1. Sole-Proprietor- A sole-proprietor is the sole owner of a business. Sole proprietors usually file a schedule C (which is where the tax deductions are taken). The issue is that sole-proprietors are not considered employees, but self-employed, thus the premiums are not tax deductible. The benefits would be received tax-free.

2. Partnerships- The income from a partnership is not federally taxed and income (or loss) flows to the partners who are taxed based on their proportionate share of the profits of the partnership. Although the partnership can deduct the premiums paid to the partners as a guaranteed payment, the premiums are included in the partner's income. This means that although the partnership was able to make a deduction, the partner would be paying tax on the premiums. The benefits received would be tax-free.

3. S-Corporation- Is taxed very similarly to a Partnership whereas the corporation does not pay federal tax and the income (or loss) is passed to the shareholders on a proportionate basis. The laws allow an S-Corporation to deduct the premiums, but if the owner owns more than 2% of the shares, the premiums are included in his/her income, making the benefits tax-free. In essence, with both a Partnership or an S-Corporation, the premiums are deducted by the business, but the premiums are included as income, so it is really a wash to the shareholder/partner and benefits are received tax free.

4. C-Corporation- C-Corporations are separate legal identities that file their own tax returns and pay their own tax. If you are a shareholder and also an employee, the corporation can deduct the premiums. If they do, the benefits received would be taxable. There can also be cost sharing where the corporation pays the premiums and the employee/shareholder is taxed on part of the premiums. In that case, the percent of premiums that the shareholder pays taxes on, would be received tax free. For example, if the premiums for shareholder X are $3,000 annually and the shareholder elects to include $1,000 in his taxable income, then he would receive one-third of the benefits tax-free.

Many employers offer group disability insurance to their employees. Most of the time, the premiums are paid entirely by the employer and the benefits received are taxable to the employee.

Some companies offer the employee the option to pay all or some of the premiums with after tax (not deductible) dollars, or to include the premiums on their W-2. In this case, the portion of the benefits that is paid for with after tax dollars is not taxable and the other portion that is paid for by the employer only, would be taxable.

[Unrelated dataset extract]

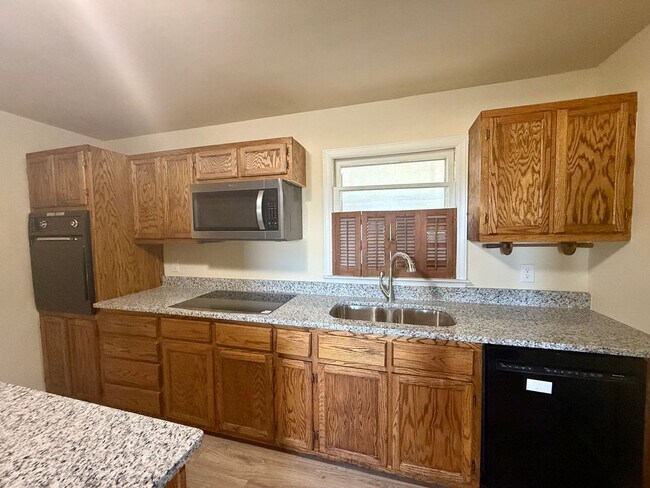 Foto del edificio - Two bedroom, 1 bath house – Flexible Layout with Bonus Spaces in Gibsonville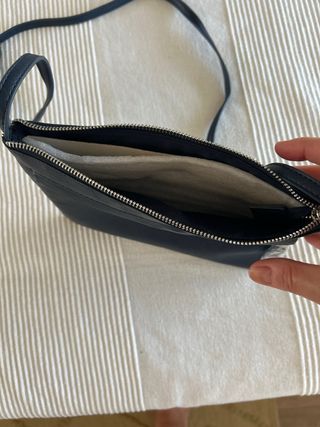 Bolso bandolera Parfois azul marino en poli piel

Let's look at an example. XYZ Corporation provides employee Y disability insurance benefits with an annual premium of $1,000.

Scenario 1- The entire premiums are paid for by XYZ Corporation- The benefits received would be taxable to employee Y.
Scenario 2- The entire premiums are either paid for by the employee, or included in his/her W-2 at the end of the year- The benefits received would be tax free.
Scenario 3- Half of the premiums are either paid for by the employee, or included in his/her W-2 at the end of the year. Half of the benefits received would be taxable and the other half tax-free.

As discussed above, it may not be in your best interest to take a deduction for disability insurance, even if you could. If you never become disabled and never collect benefits, then obviously it would have been a better choice to take the deduction. The problem is no one knows what the future holds. If you did become disabled, then you would have probably been much better off not taking the deduction since the benefits would have been received tax free.

Let's look at an example of a 35 year old attorney with a $5,000 monthly benefit, cost-of-living rider and an annual premium of $1,500. If that person became permanently disabled soon after the purchase of the policy and remained disabled until age 65, the potential payout would be about $2,800,000. If he is in a 25% tax bracket, he would have paid over $700,000 in taxes on the benefits, if he was able to, and deducted the premiums on his taxes. If he did not, the entire $2,800,000 would have been tax-free. If he was in the same 25% tax bracket, took the tax deduction and never became disabled, he would have saved about $11,250 in taxes ($1,500 annual premium times 30 years times 25% tax bracket). Is it really worth the small savings to pay a potentially huge tax in the future?

So, is disability insurance taxdeductible? Again, maybe, maybe not.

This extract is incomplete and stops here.